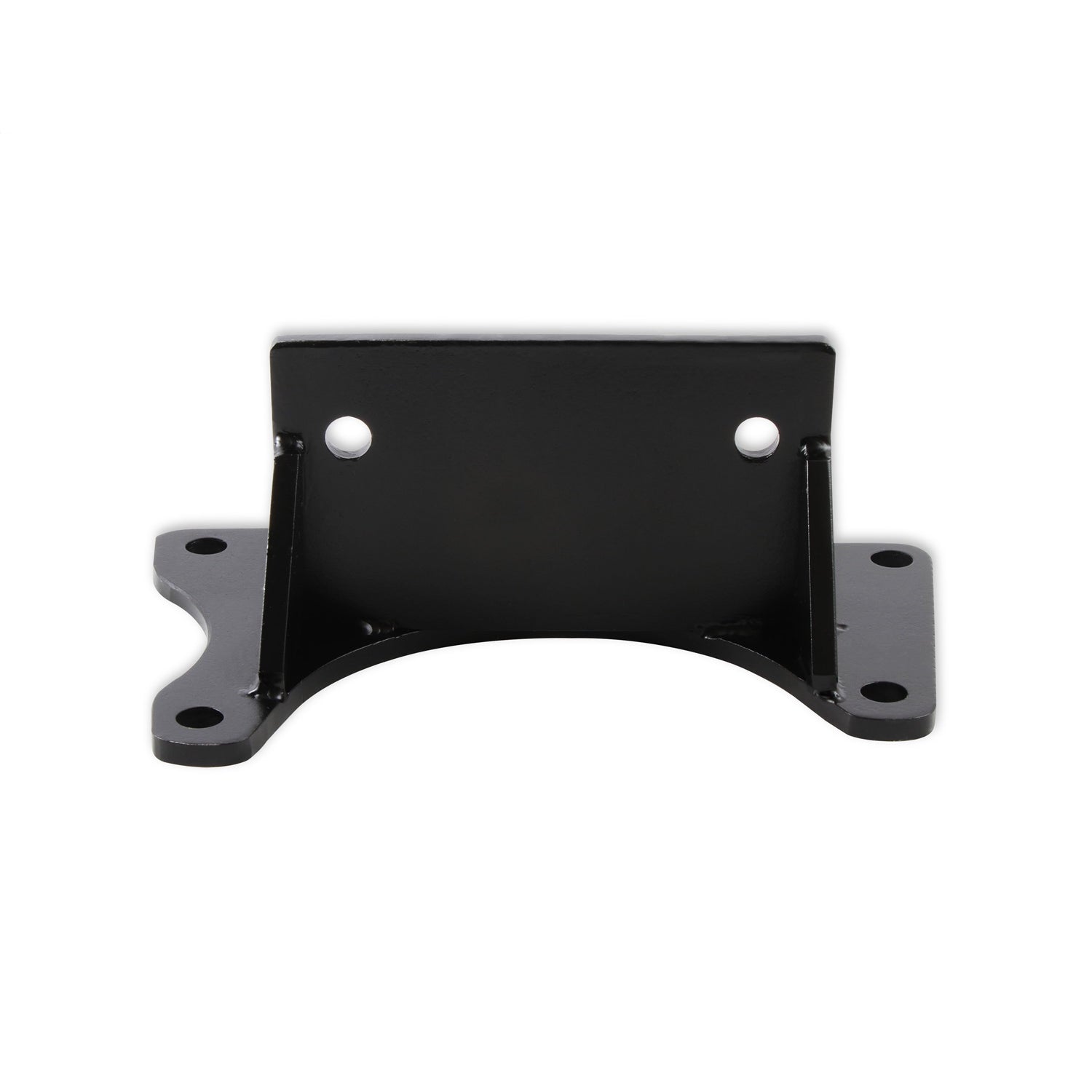 Hooker Blackheart Transmission Crossmember Adapter - Bolt-On - Steel - Black Powder Coat - Mopar Gen III Hemi - 8HP70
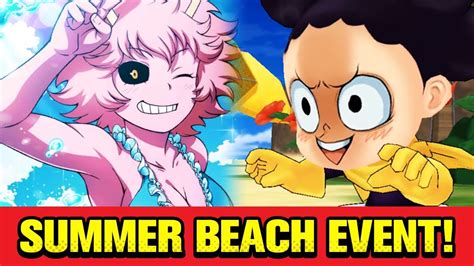 Its Still Garbage Summer Beach Event My Hero Academia Smash Tap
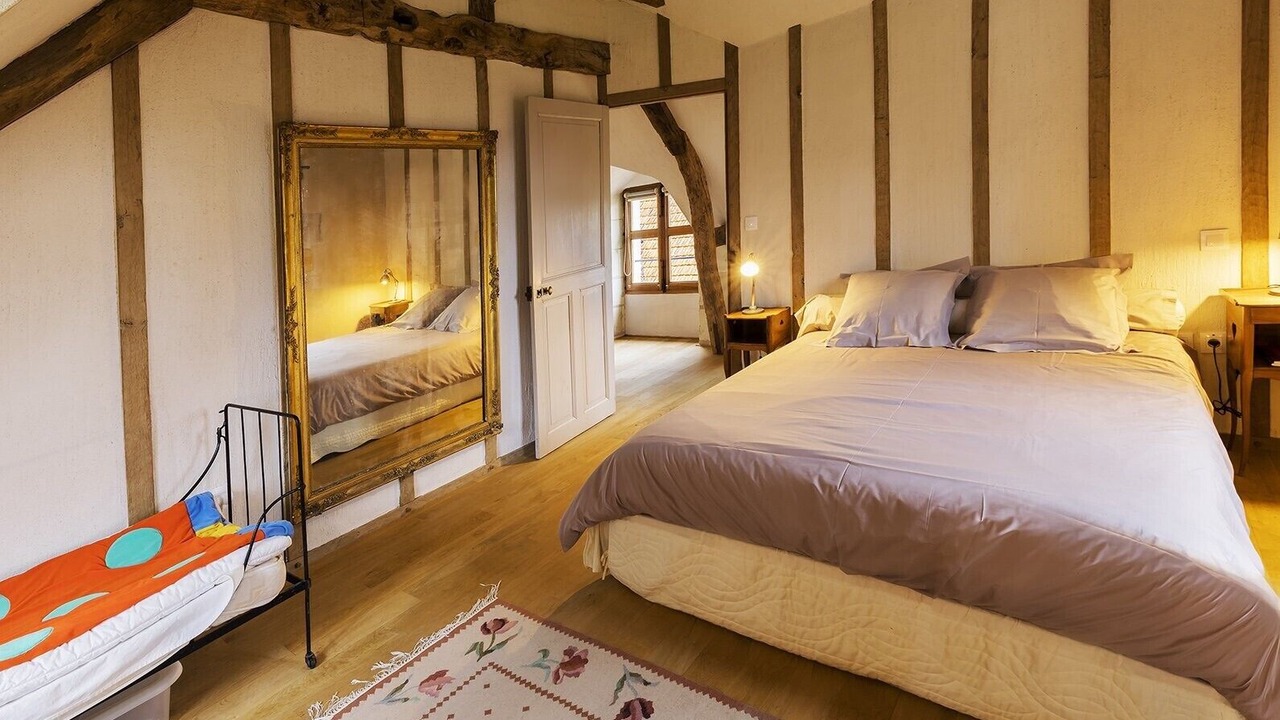Photo of Bedroom in Cravant-les-Coteaux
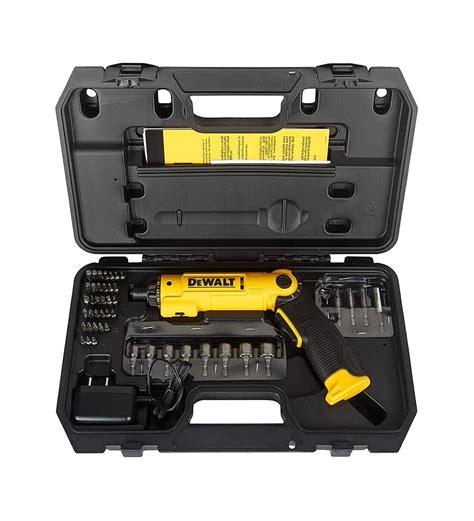 Buy Dewalt Dcf008 In 8v 6 35mm Li Ion Cordless Screwdriver With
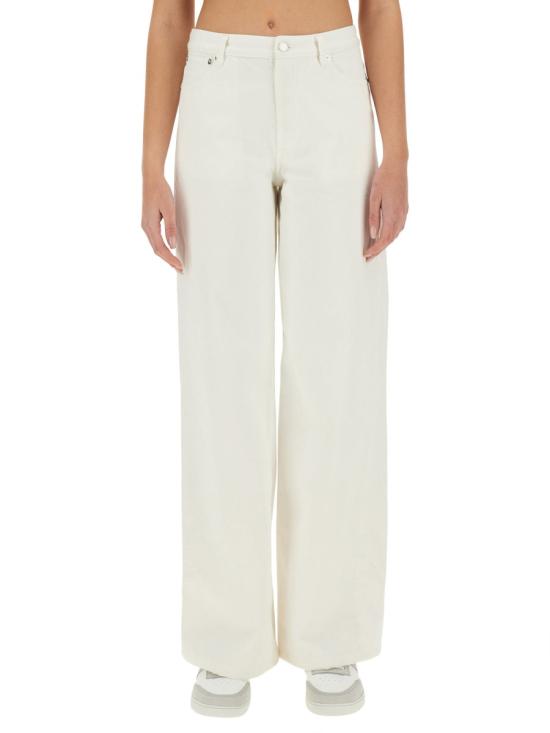  아페쎄 데님 팬츠 COGZV F09181 AAB WHITE - A.P.C.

──────

> Work task
An exact restatement of every record is required. Omit the images.

> Exercise result
 Hooker Blackheart Transmission Crossmember Adapter - Bolt-On - Steel - Black Powder Coat - Mopar Gen III Hemi - 8HP70
 Its Still Garbage Summer Beach Event My Hero Academia Smash Tap
Photo of Bedroom in Cravant-les-Coteaux
 Buy Dewalt Dcf008 In 8v 6 35mm Li Ion Cordless Screwdriver With
  아페쎄 데님 팬츠 COGZV F09181 AAB WHITE - A.P.C.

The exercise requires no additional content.